Recycling is broken. Can these robots help?

We're in the middle of a full-fledged international recycling crisis. The only hope may be to deal with the mess ourselves.

Robots step in to fix recycling mess We're in the middle of a full-fledged international recycling crisis. The only hope may be to deal with the mess ourselves.

Here's a fact that may strike you as bonkers: The complex where I live in a beach city adjacent to Los Angeles doesn't offer tenants a waste recycling option. For we steadfast few who insist on separating our plastics and papers, the only option is a trip to a local recycling center.

But I'm hardly alone. Turns out tens of millions of Americans don't have easy access to waste recycling programs. With recent news that China, which has been doing the lion's share of our recycling for decades, will no longer be accepting waste from the U.S., it's possible millions more will lose the service.

Worse still, recycling has never been all that efficient. "When the U.S. was sending much of its paper and plastic trash to China, for more than two decades, the bales were often so poorly sorted that they contained garbage," writes Adele Peters in a recent Fast Company piece. "The system never extracted the full value from those materials."

Robots, it turns out, could be a big part of the solution by upending the broken economics of recycling, which is why we started offshoring the job to China in the first place. Researchers at MIT/CSAIL, for example, have developed a robotic platform that can sort various items by touch. It uses sensors in its hands to determine the size and texture of waste materials like paper, plastic, and metal, and it sorts accordingly. 

Another company, ZenRobotics, combines data from multiple sensors along a waste stream to create an accurate real-time analysis. The robots use the sensor data to make autonomous decisions on how to grasp and sort objects. 

AMP Robotics is another example of a company combining robotics, machine vision, and AI to make recycling faster and cheaper, raising the possibility that we can onshore our waste disposal.

The system works much like a conventional automated pick-and-place system in a logistics warehouse. Waste items stream along a conveyor belt under the watchful eye of a camera.

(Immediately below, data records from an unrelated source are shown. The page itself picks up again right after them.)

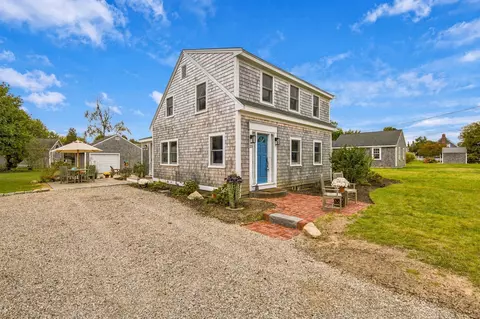 33 Pleasant St, West Dennis, MA 02670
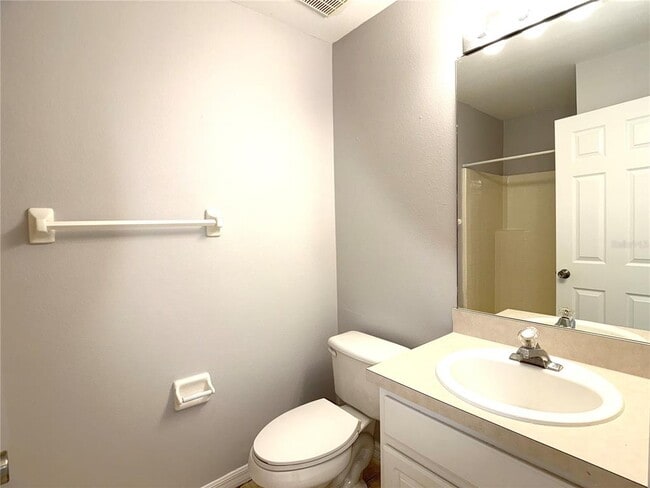 Building Photo - 732 Casterton Cir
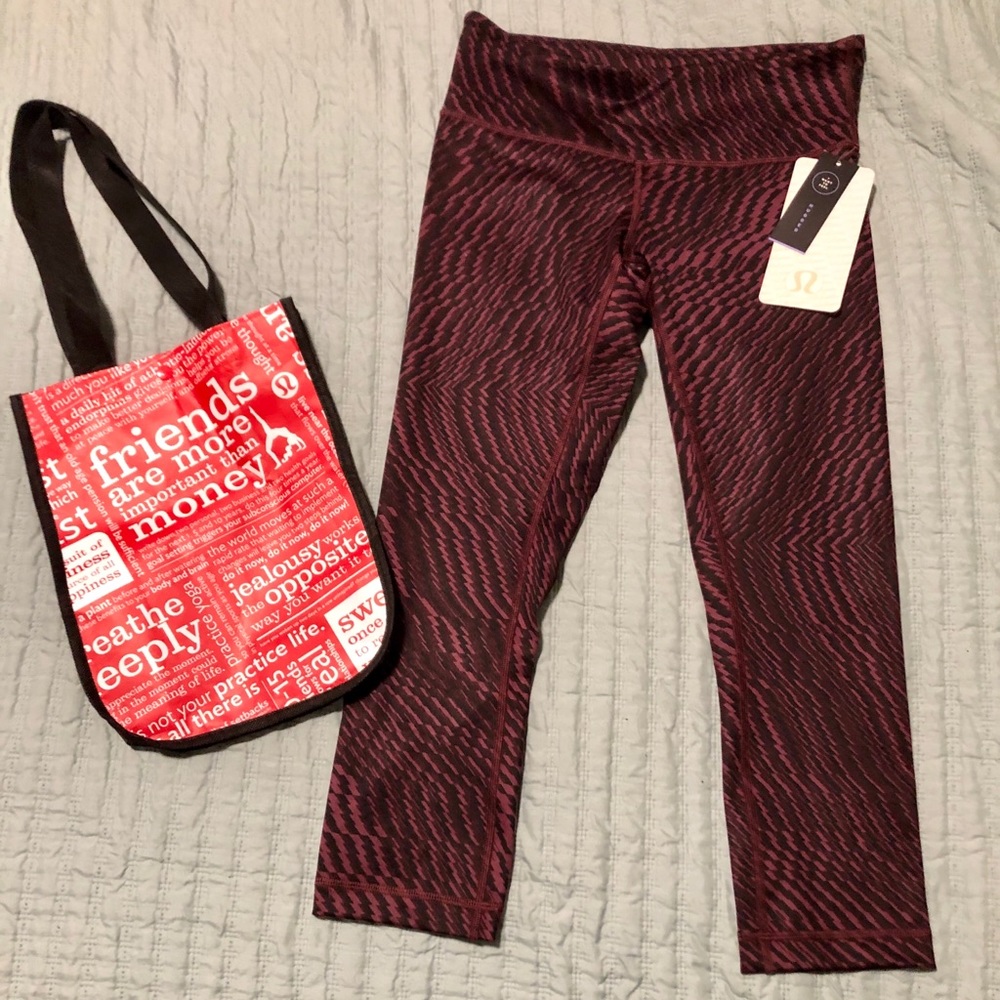 Lululemon Wunder Under Crop III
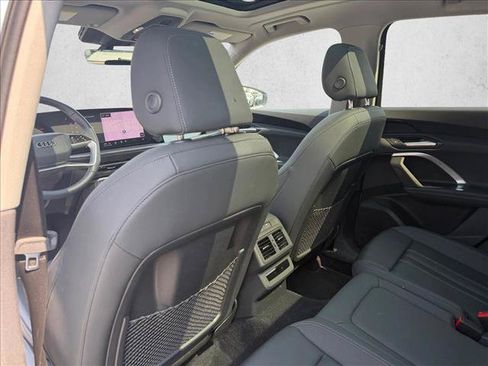 Used 2025 Audi Q5 Premium w/ Convenience Package AWD/4WD image 16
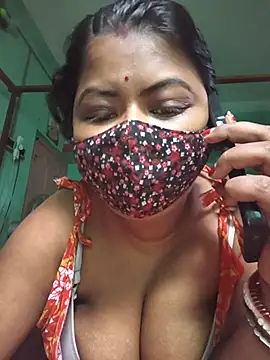 priya_bindass élő XXX-chatje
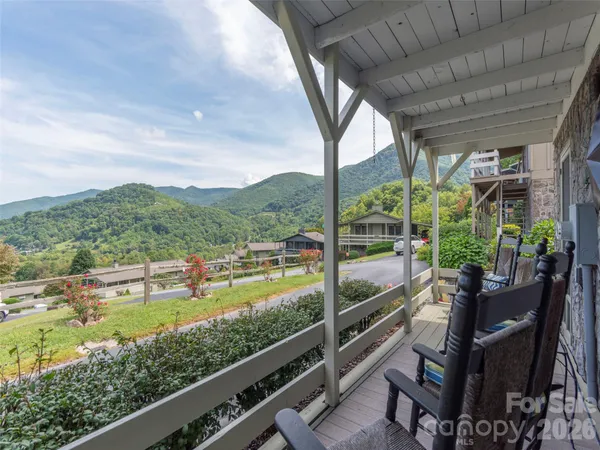 $349,500 | 21 Flint Lane, Maggie Valley, NC 28751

The system identifies items by type and a robotic picker with a vacuum end effector snatches items and flings them into appropriate bins.

But the easy explanation belies a huge challenge. Namely, garbage is gross. Things get crushed, making like items -- bottles, for example -- drastically different in size and shape. Food debris and liquids smudge or obscure labels and discolor packaging. Boxes are torn and food containers shredded.

The company solved the problem with a proprietary AI platform called AMP Neuron, which uses advanced computer vision and machine learning to train itself to identify items after processing millions of material images. The machine teaches itself to look for visual attributes like texture and size. Over time, and millions of cases of trial and error, it's become extremely accurate at identifying materials, committing identification errors in less than 2 percent of cases. That's more accurate than human counterparts, who work mind-numbingly long shifts bent over refuse. 

The machine vision approach also gives AMP the ability to capture data on the entire supply of refuse, information that can be fed back to recycling administers to determine how effective their programs are at collecting the right kinds of materials and sorting the right sorts of items.

Because the system is set up to learn from its environment, it can be applied to several kinds of recycling. For example, AMP is helping California-based electronics recycling company ERI. The robot in that case is performing 70 picks per minutes sorting through discarded disposed electronics. 

With increased efficiency and throughput, the economics of recycling begin to make sense. As cities around the country mull the future of their recycling programs, technology is offering a ray of hope.